> **Data shown**:
▶

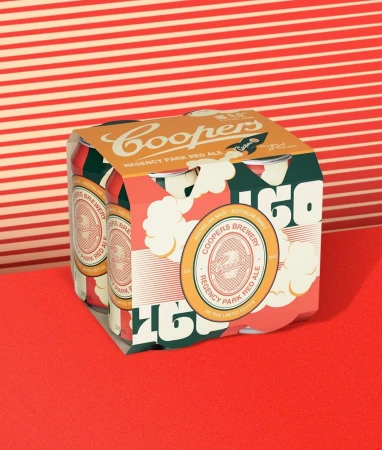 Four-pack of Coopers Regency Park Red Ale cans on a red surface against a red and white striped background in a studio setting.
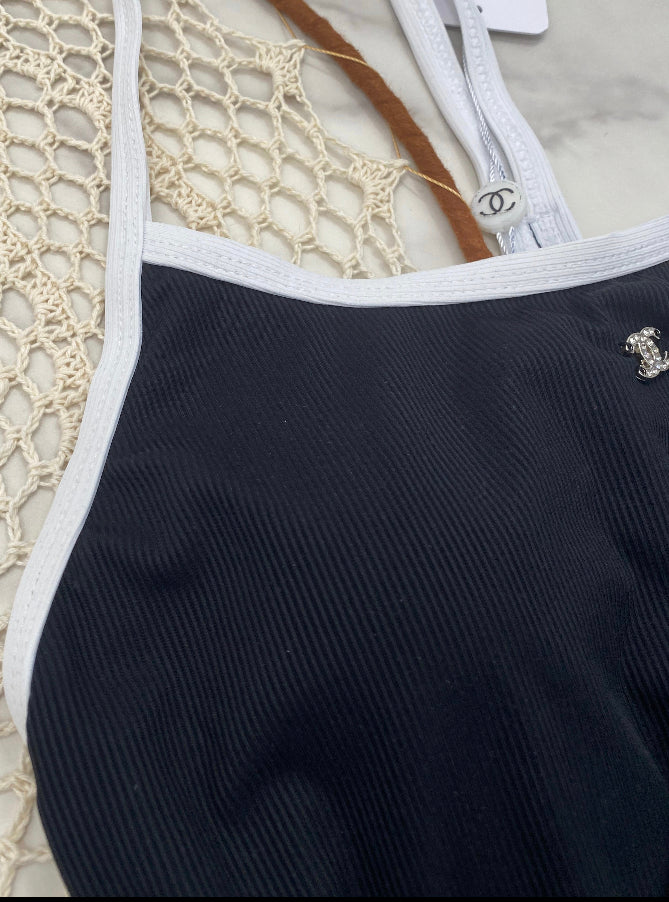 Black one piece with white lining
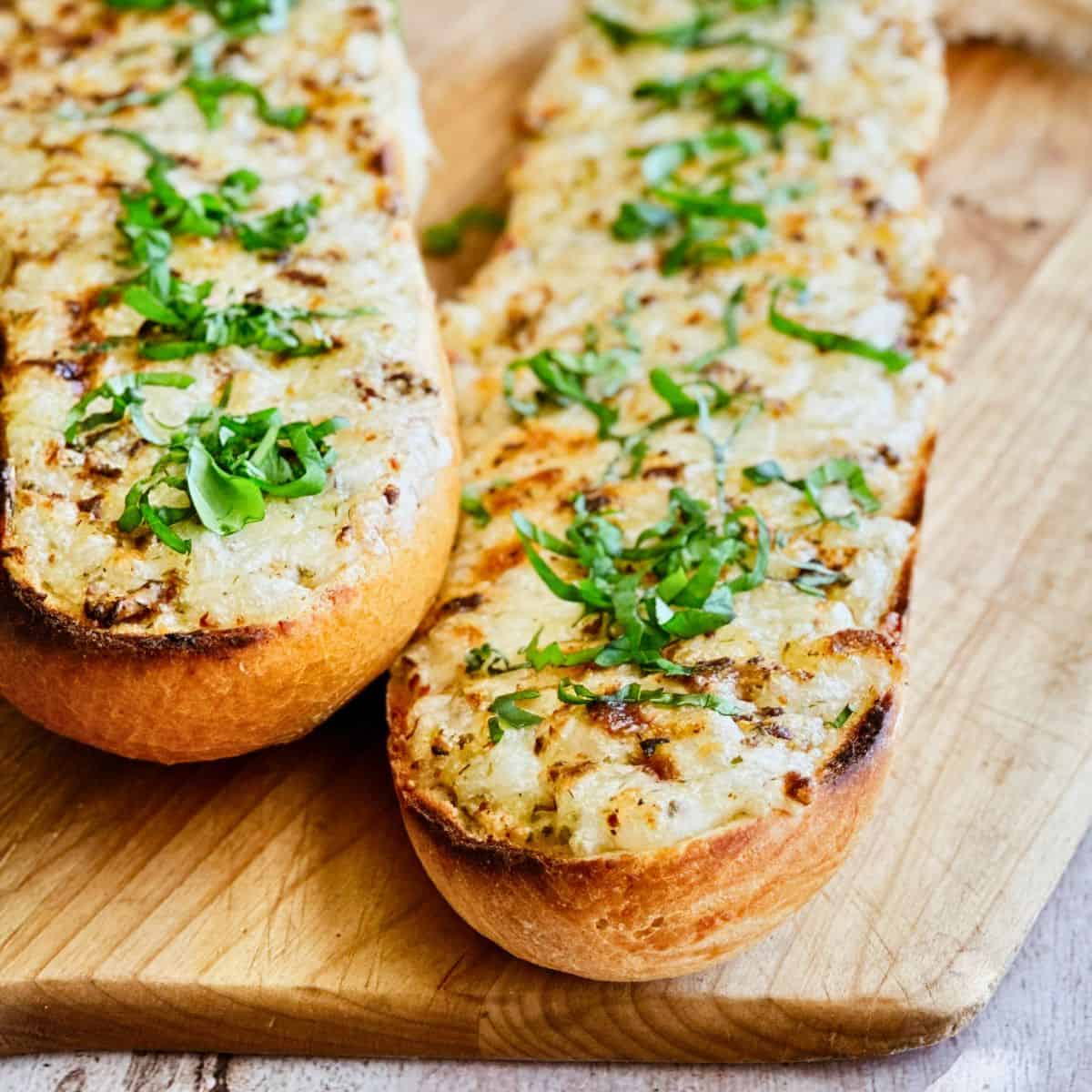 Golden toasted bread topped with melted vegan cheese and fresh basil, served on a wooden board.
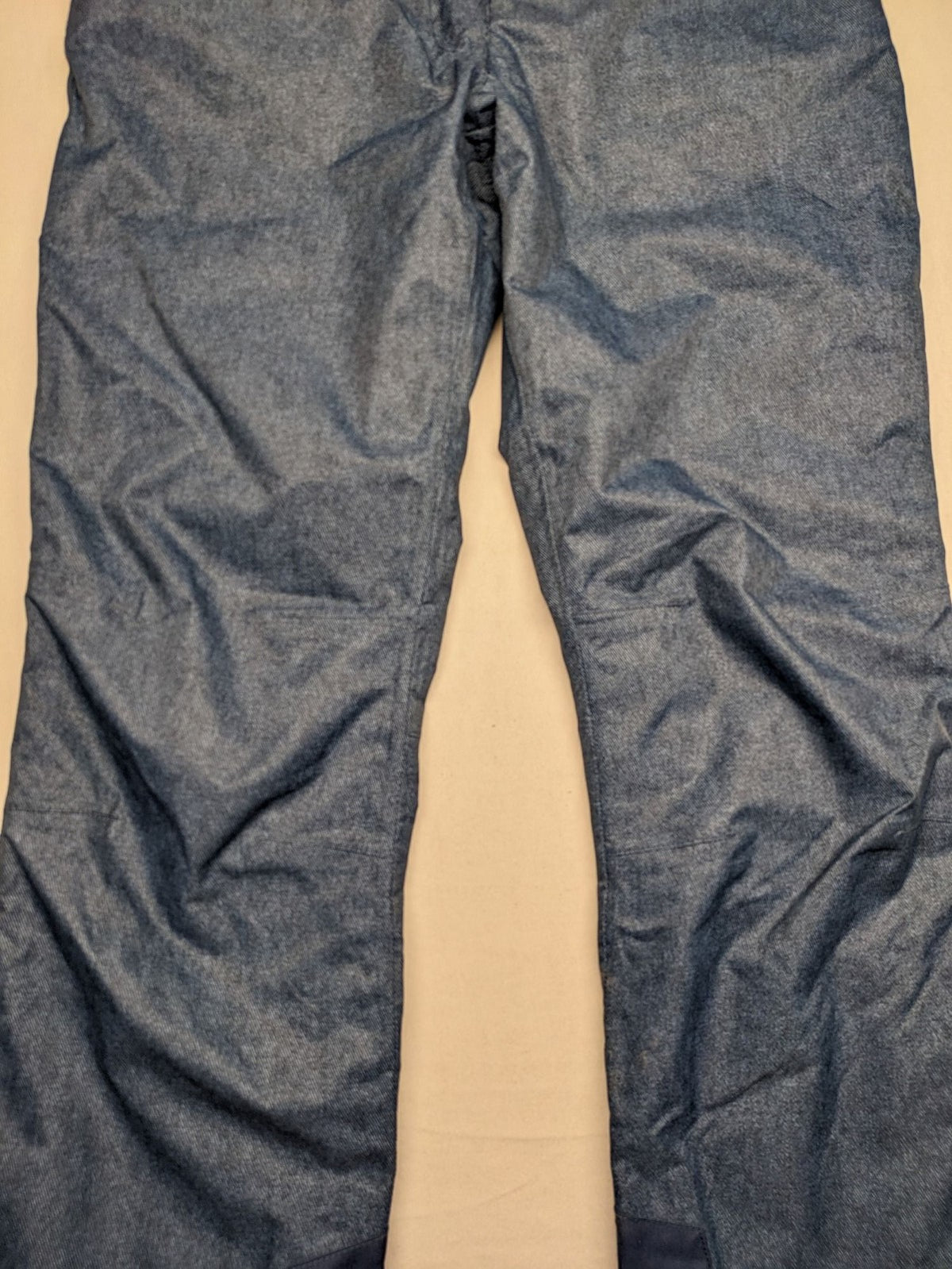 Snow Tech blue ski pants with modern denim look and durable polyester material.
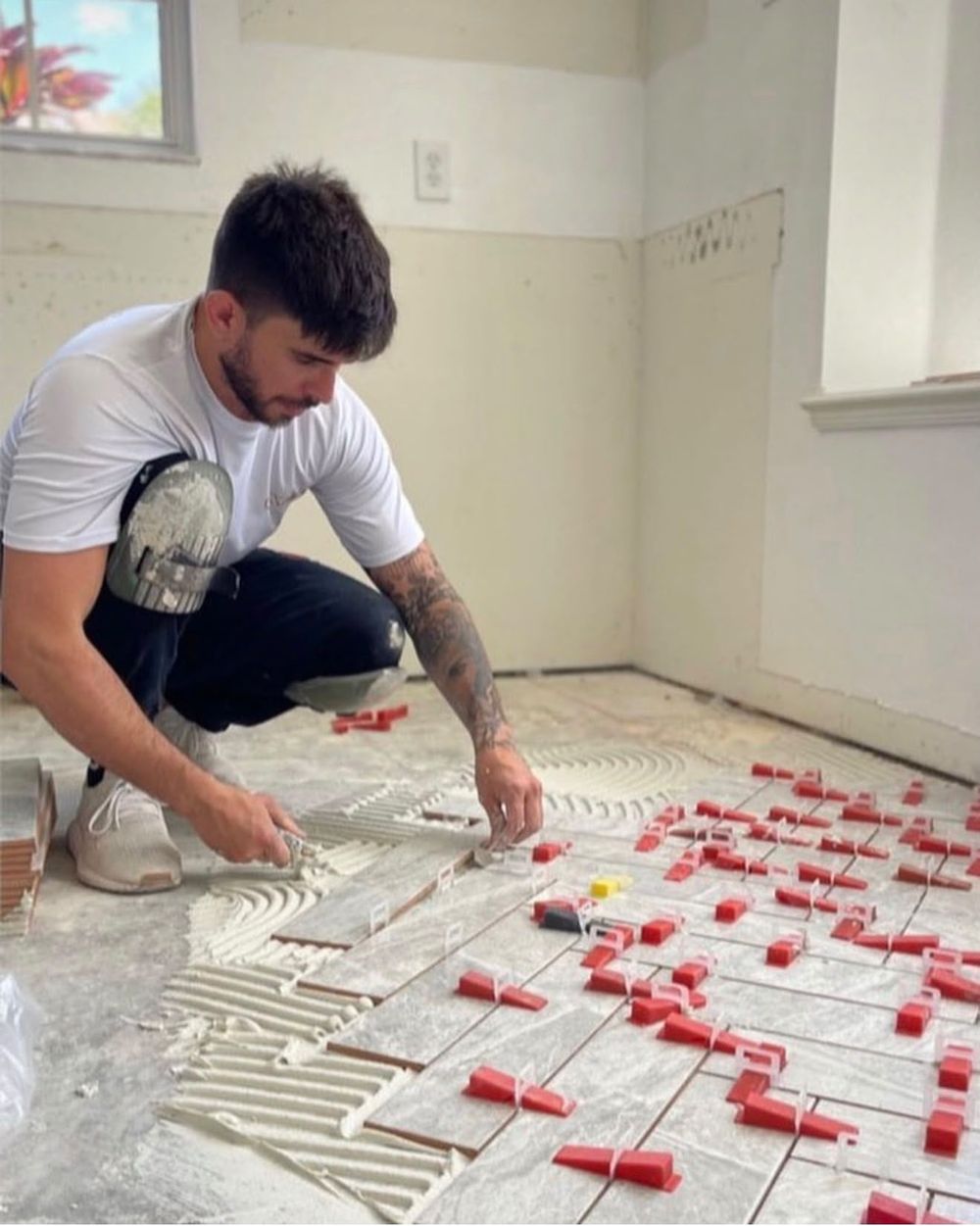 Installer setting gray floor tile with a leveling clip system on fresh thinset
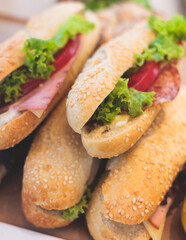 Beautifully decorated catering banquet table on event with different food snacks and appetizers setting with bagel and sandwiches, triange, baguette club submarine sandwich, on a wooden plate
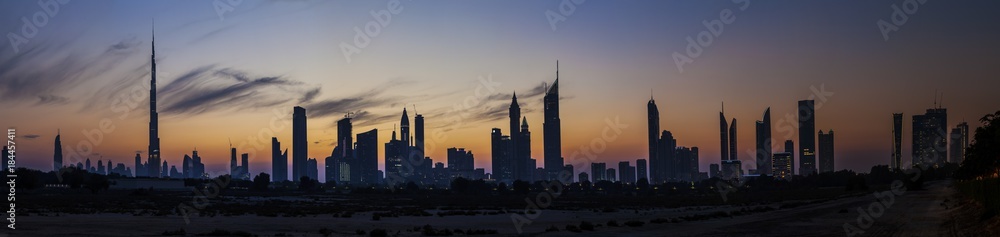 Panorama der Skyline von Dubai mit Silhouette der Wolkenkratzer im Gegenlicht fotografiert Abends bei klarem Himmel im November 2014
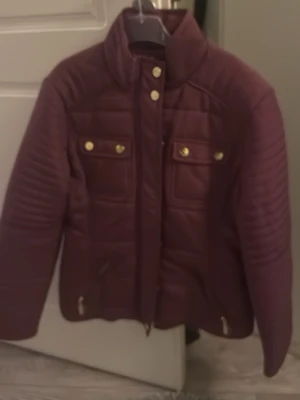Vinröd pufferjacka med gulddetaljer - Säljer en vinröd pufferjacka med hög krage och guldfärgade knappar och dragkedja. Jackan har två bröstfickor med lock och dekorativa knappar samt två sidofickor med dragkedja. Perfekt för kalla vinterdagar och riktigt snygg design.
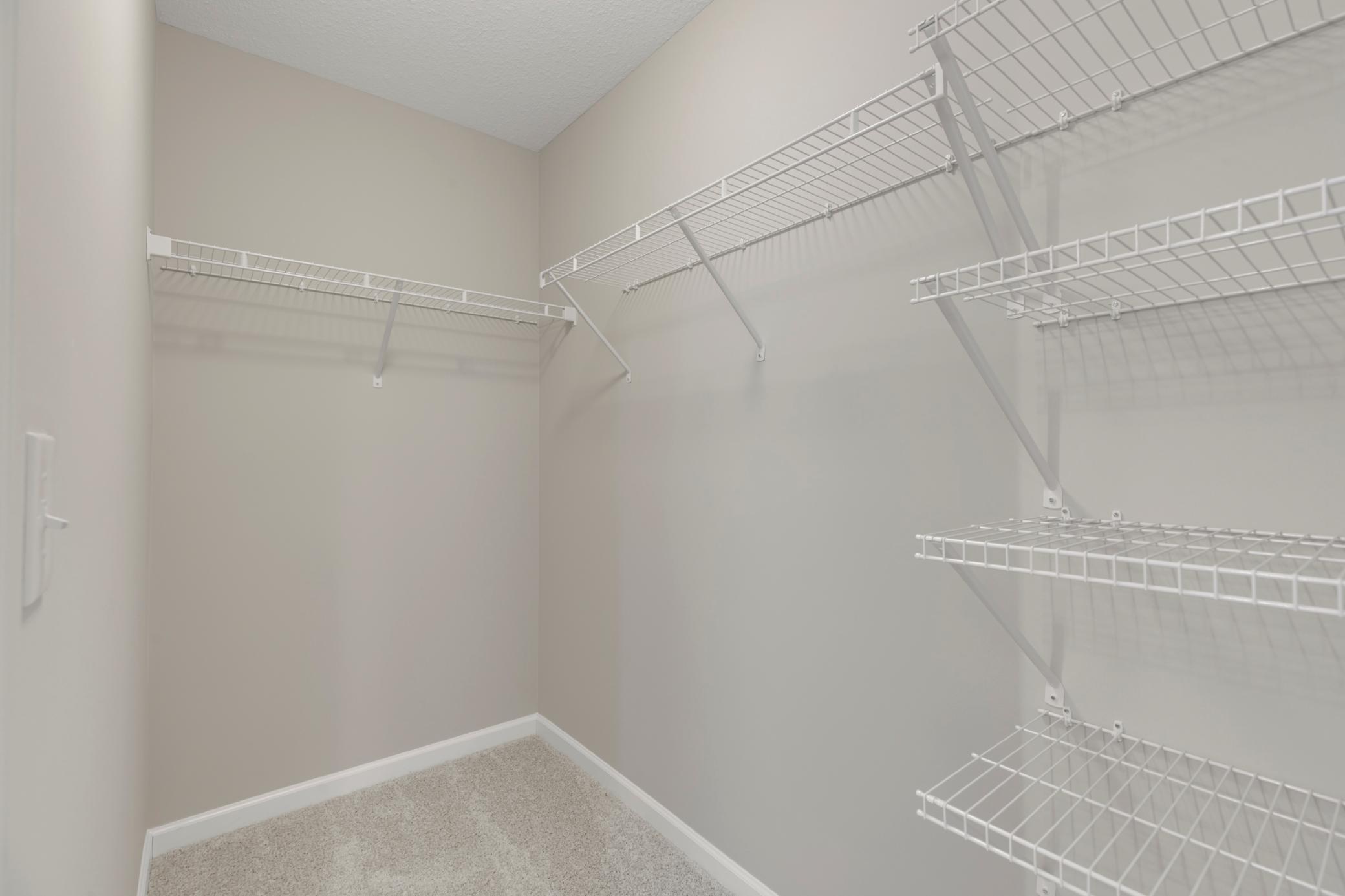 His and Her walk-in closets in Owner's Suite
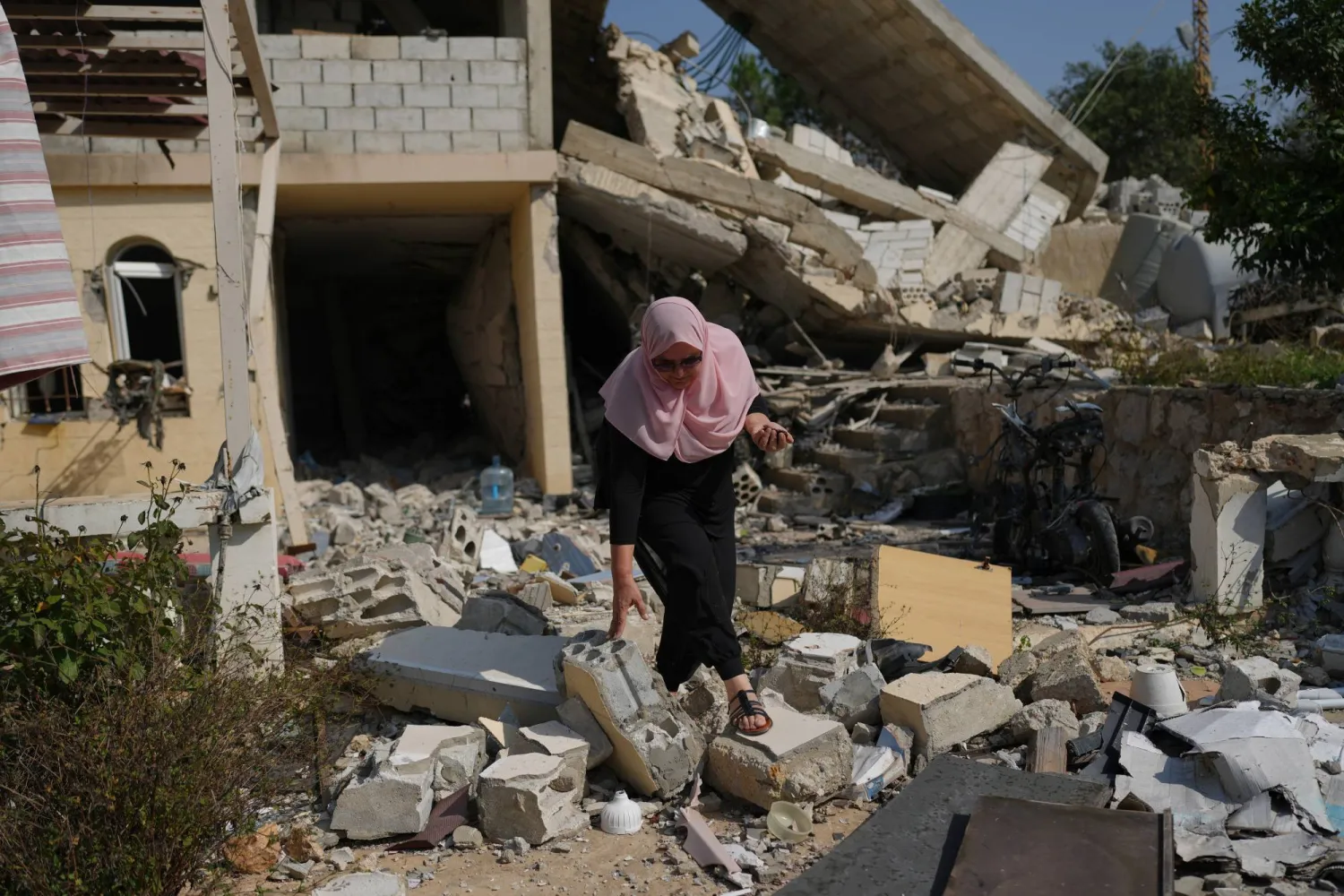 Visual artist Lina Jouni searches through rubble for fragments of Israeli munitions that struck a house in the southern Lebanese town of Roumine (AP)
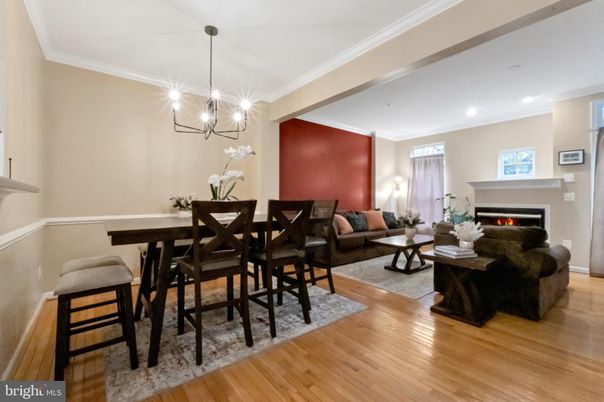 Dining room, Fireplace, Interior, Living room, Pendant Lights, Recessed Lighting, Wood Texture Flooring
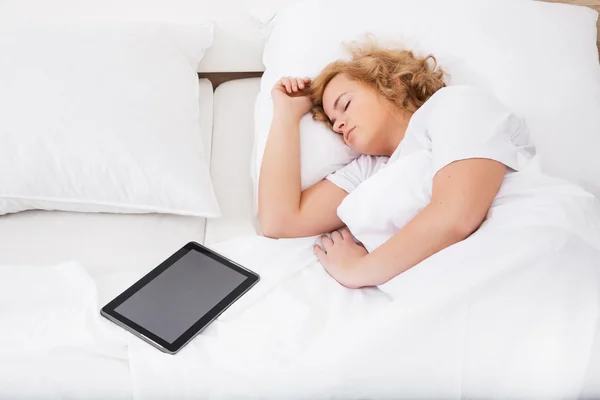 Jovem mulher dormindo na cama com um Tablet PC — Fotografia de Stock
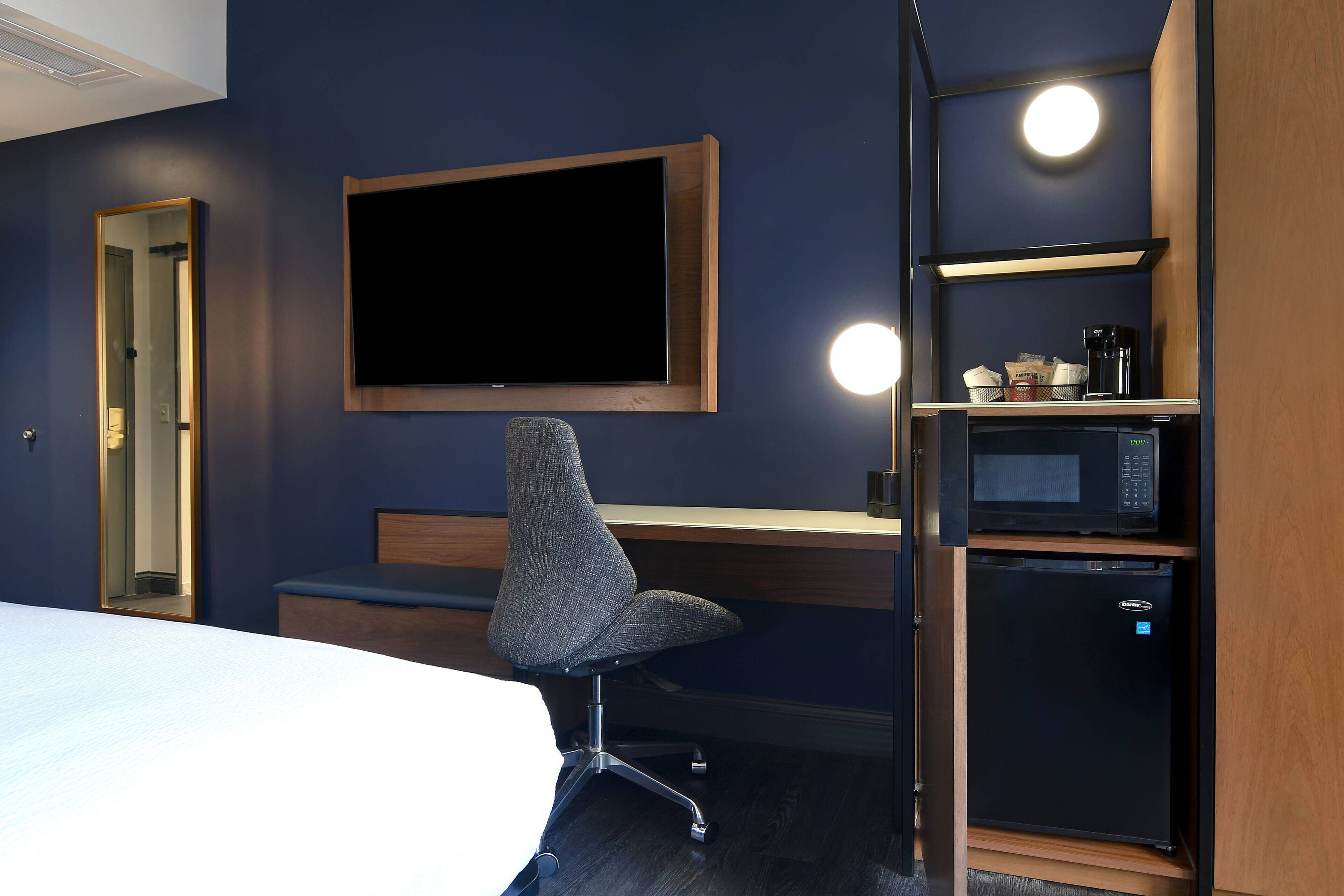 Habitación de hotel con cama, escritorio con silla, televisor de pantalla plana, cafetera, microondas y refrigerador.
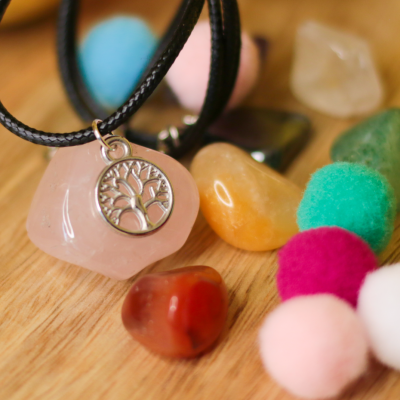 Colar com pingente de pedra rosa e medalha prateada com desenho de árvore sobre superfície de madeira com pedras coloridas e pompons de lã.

◀

> **Task goal**: For this exercise, please set down exactly the lines of the listing above from the line with "Snow Tech blue" up to and including the line with "Jovem mulher dormindo", and no pictures.

> **Response to this exercise**:
 Snow Tech blue ski pants with modern denim look and durable polyester material.
 Installer setting gray floor tile with a leveling clip system on fresh thinset
 Beautifully decorated catering banquet table on event with different food snacks and appetizers setting with bagel and sandwiches, triange, baguette club submarine sandwich, on a wooden plate
 Panorama der Skyline von Dubai mit Silhouette der Wolkenkratzer im Gegenlicht fotografiert Abends bei klarem Himmel im November 2014
Vinröd pufferjacka med gulddetaljer - Säljer en vinröd pufferjacka med hög krage och guldfärgade knappar och dragkedja. Jackan har två bröstfickor med lock och dekorativa knappar samt två sidofickor med dragkedja. Perfekt för kalla vinterdagar och riktigt snygg design.
 His and Her walk-in closets in Owner's Suite
 Visual artist Lina Jouni searches through rubble for fragments of Israeli munitions that struck a house in the southern Lebanese town of Roumine (AP)
 Dining room, Fireplace, Interior, Living room, Pendant Lights, Recessed Lighting, Wood Texture Flooring
 Jovem mulher dormindo na cama com um Tablet PC — Fotografia de Stock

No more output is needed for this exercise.